Linked by Thom Holwerda on Mon 17th Sep 2007 20:51 UTC
Oracle and SUN "Sun announced Niagara 2 the other day, an evolution of the older Niagara 1, now called the UltraSPARC T1. From the 10000-foot view, it all looks quite familiar, but once you delve into the details, it quickly becomes apparent that almost everything has changed."
Thread beginning with comment 272161
To read all comments associated with this story, please click here.
Very interesting...
by JonathanBThompson on Tue 18th Sep 2007 00:35 UTC
JonathanBThompson
Member since:
2006-05-26

It sounds so good, it leaves readers wondering what, besides a clock speed increase (which is likely stuck being tied to the FSB/RAM speeds in practice) and adding more cores (again, may not matter much, if the system is already I/O pegged) they'll be able to do to evolve this puppy.

Perhaps in theory, with enough transistor budget, they might be able to add some out of order execution in there, but it appears using in-order with that many cores is far more practical and efficient for server purposes, so I'm wagering they'll not bother, because there would go the power efficiency, among other things.

Reply Score: 3

RE: Very interesting...
by spotter on Tue 18th Sep 2007 01:23 in reply to "Very interesting..."
spotter Member since:
2005-07-06

Well, the main differences between the T1 and T2 are more threads per core (not more cores), an FPU per core, 10G ethernet on die, crypto on die.

Coming up next is multi-socket support (codenamed Victoria Falls), which will end up with 128 or 256 threads/system (2 or 4 sockets, 64 threads/socket).

OOX could potentially be added, as could a deeper pipeline, I suppose.
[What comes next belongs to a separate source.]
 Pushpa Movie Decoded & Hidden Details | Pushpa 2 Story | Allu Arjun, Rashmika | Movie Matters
They could bring more on die as well, larger cache.

Reply Parent Score: 2

RE: Very interesting...
by crystall on Tue 18th Sep 2007 08:08 in reply to "Very interesting..."
crystall Member since:
2007-02-06

besides a clock speed increase (which is likely stuck being tied to the FSB/RAM speeds in practice)
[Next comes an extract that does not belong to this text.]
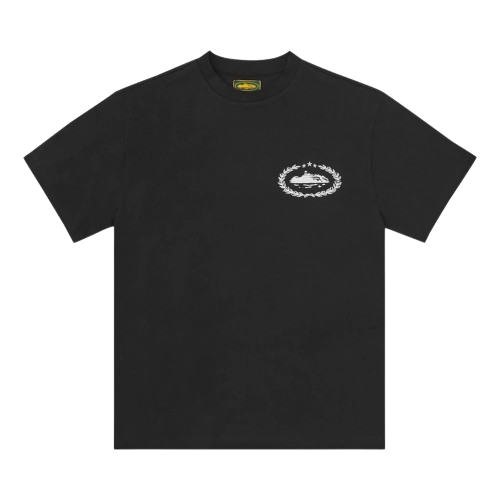 Corteiz Royale Heavyweight Tee Black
Since the UltraSPARC Tx architecture trades latency for bandwidth like GPUs increasing the clock speed doesn't make sense if you are already saturating the memory subsystem. As long as enough bandwidth is available you enjoy almost linear scaling from clock speed but the scaling completely flattens once you reach the saturation point.
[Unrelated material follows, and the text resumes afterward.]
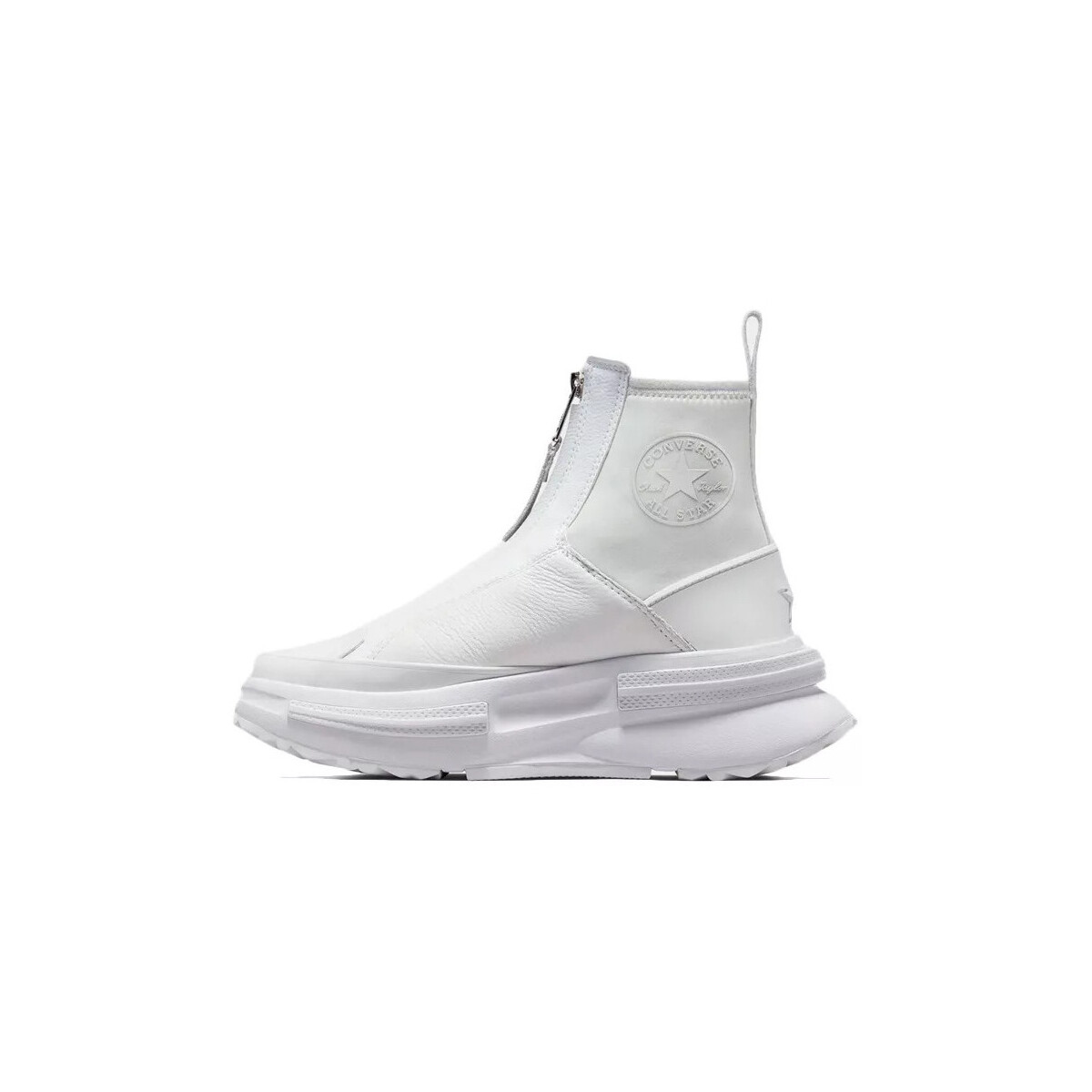 Chaussures Femme Baskets montantes Converse RUN STAR LEGACY CHELSEA LUXE Blanc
Perhaps in theory, with enough transistor budget, they might be able to add some out of order execution in there


It doesn't make sense to add OoO execution to such an architecture simply because it doesn't need it. The UltraSPARC Tx is inherently optimized for throughput, all the latencies (memory stalls, branches, non-single-cycle instructions, etc...) are covered by switching threads. OoO execution would make the core significantly more complex with little or no benefit for such an architecture. Look for example how 2-way dispatch has been implemented in the T2. A core cannot execute two instructions from one thread but two instructions from two threads each one picked from one of the two thread groups. This eliminates any needs for an intra-thread dependency checking in the pick stage and while it doesn't improve single-thread performance it increases throughput significantly.

Reply Parent Score: 2

RE: Very interesting...
by zdzichu on Tue 18th Sep 2007 12:25 in reply to "Very interesting..."
zdzichu Member since:
2006-11-07

As for OOX, Sun is adding so called scout thread. It analyzes program ahead of execution and prefetches data.

Reply Parent Score: 1

RE[2]: Very interesting...
by John Bayko on Tue 18th Sep 2007 16:04 in reply to "RE: Very interesting..."
John Bayko Member since:
2006-10-20

"As for OOX, Sun is adding so called scout thread. It analyzes program ahead of execution and prefetches data."

No, that's for the "Rock" processor, Sun's compute-oriented CPU line (the successor to the SPARC64 CPU being co-developed with Fujitsu), though I'm sure some successful features from the two lines will cross over eventually.

Reply Parent Score: 1